DeFNet: Deconstructed Strategy for Multi-step Fabric Folding Tasks
Ningquan Gu, Ruhan He, Lianqing Yu
TL;DR
DeFNet tackles long-horizon fabric folding by decomposing the task into three modules: Folding Planning Module (FPM) operating in latent space to infer the shortest folding paths, Folding Action Module (FAM) using FlowNet-based optical flow to determine grasp-and-place actions, and Iterative Interactive Module (IIM) that continuously re-plans after each action to mitigate execution drift. The FPM leverages a Variational Autoencoder (VAE) and Latent Space Roadmap (LSR) to map start-goal states to a sequence of intermediate states, while FAM computes actions via a flow-based policy with FlowNet and PickNet. The IIM closes the loop by re-inputting the current observation as a new start state and repeating planning and execution until the goal is reached. Across simulation and real-robot experiments, DeFNet outperforms three state-of-the-art baselines and ablations show significant gains from incorporating latent-space folding paths and iterative re-planning, demonstrating robust, scalable fabric folding in multi-step tasks.
Abstract
Fabric folding through robots is complex and challenging due to the deformability of fabric.
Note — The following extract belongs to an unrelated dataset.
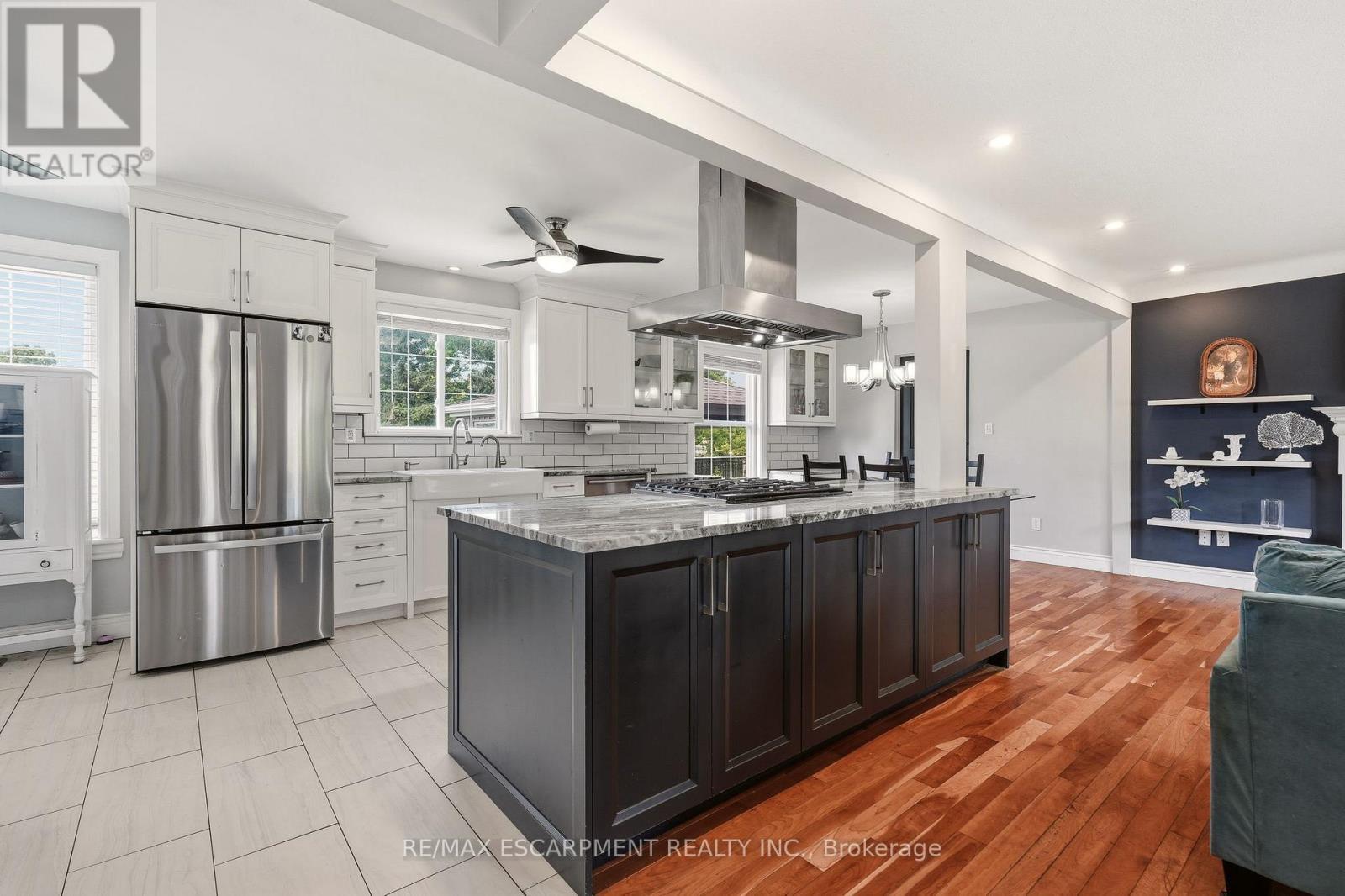 18 Fireside Drive, Hamilton, ON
Based on deconstruction strategy, we split the complex fabric folding task into three relatively simple sub-tasks, and propose a Deconstructed Fabric Folding Network (DeFNet), including corresponding three modules to solve them. (1) We use the Folding Planning Module (FPM), which is based on Latent Space Roadmap, to infer the most straight folding intermediate states from the start to the goal in latent space. (2) We utilize the flow-based approach, Folding Action Module (FAM), to calculate the action coordinates and execute them to reach the inferred intermediate state. (3) We introduce an Iterative Interactive Module (IIM) for fabric folding tasks, which can iteratively execute the FPM and FAM after every grasp-and-place action until the fabric reaches the goal. Experimentally, We demonstrated our method on multi-step fabric folding tasks against three baselines in simulation. We also apply the method to an existing robotic system and present its performance.